Um extenso debate sobre os destinos da cidade, iniciado na imprensa da época, alcançou o Congresso, dividindo opiniões de cariocas e fluminenses de diferentes partidos políticos. O que estava em jogo, acima da fusão, era, segundo a historiadora Marieta de Moraes Ferreira, “a autonomia do antigo Distrito Federal em relação ao governo federal e o consequente controle do poder local. Como se sabe, a autonomia foi obtida via a criação do estado da Guanabara”.
A proposta partiu do Poder Executivo, conduzido, naquela época, por um presidente militar: o general Ernesto Geisel (1907-1996). Segundo ele, a fusão “já estava nas minhas cogitações antes de assumir a presidência da República. Já era um assunto que se analisava e desde então foi acertado. (...) Estudou-se como se tinha de fazer e preparou-se a legislação. Reclamam de eu não ter feito um plebiscito. Ia ser dispendioso e eu não pretendia mudar minha opinião”.
A fusão do estado da Guanabara com o estado do Rio de Janeiro transformou-se em realidade durante a ditadura militar (1964-1985).

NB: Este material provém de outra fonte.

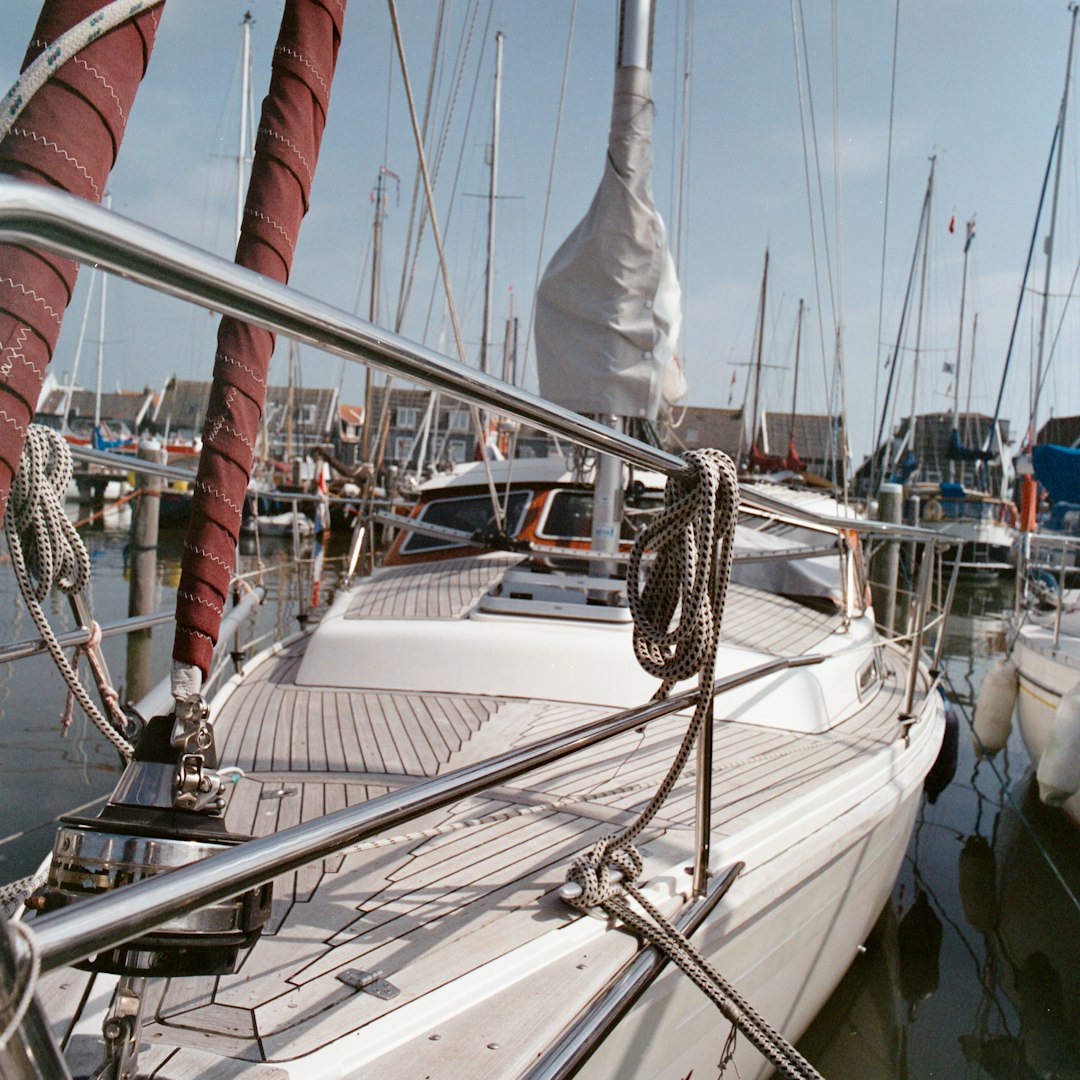 white sailboat on body of water during daytime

Foi decretada na época do governo Geisel, em 12 de julho de 1974, sancionada pela Lei Complementar nº 20 e implantada a partir de 1º de março de 1975.
A partir daí, a Guanabara tornava-se um município do atual estado, sendo que a cidade do Rio de Janeiro passava a exercer a função de capital dessa nova unidade federada. Niterói, por sua vez, ao perder o status de capital de estado e sendo convertida em sede de um município, vivenciou um processo de esvaziamento, conforme registrou o Diário do Congresso Nacional.
Muitos eram os desgostosos que lamentavam a situação a que chegara a chamada Cidade Sorriso, como o então senador Nelson de Souza Carneiro (1910-1996), que proferiu discurso a respeito no Congresso Nacional, em 4 de junho 1975.
Segundo a historiadora Marly Motta, anulava-se a “singularidade da antiga Guanabara em prol de sua integração ao novo estado do Rio de Janeiro”. Isso nos faz refletir sobre os limites e as possibilidades de um projeto como a fusão. Motta prossegue: “cuja implementação teria que lidar com a identidade política de duas regiões forjada pela memória que cada uma delas construiu de seu próprio passado. De um lado, a cidade do Rio de Janeiro, capital do país por mais de cem anos, há 15 ocupando um lugar singular na federação, o de estado-capital, e lutando para conservar o seu tradicional papel de ‘caixa de ressonância’ de país; de outro, o antigo estado do Rio, a ‘Velha Província’, dividido entre a atração pela ‘cidade maravilhosa’ e o medo da suburbanização”.
Após 1º de março de 1975, quando a fusão foi implantada, recriar uma nova identidade para o Rio não foi tarefa das mais fáceis. Havia diferenças entre a cidade que fora capital do Império e da República – espaço que sintetizava até então a nação – e o restante do estado. Mesmo com a transferência da capital federal, acontecida em 21 de abril de 1960, a Guanabara ainda preservava a maior parte das funções de principal centro político do país, até que efetivos investimentos dotaram Brasília (capital de direito) das atribuições de uma capital de fato.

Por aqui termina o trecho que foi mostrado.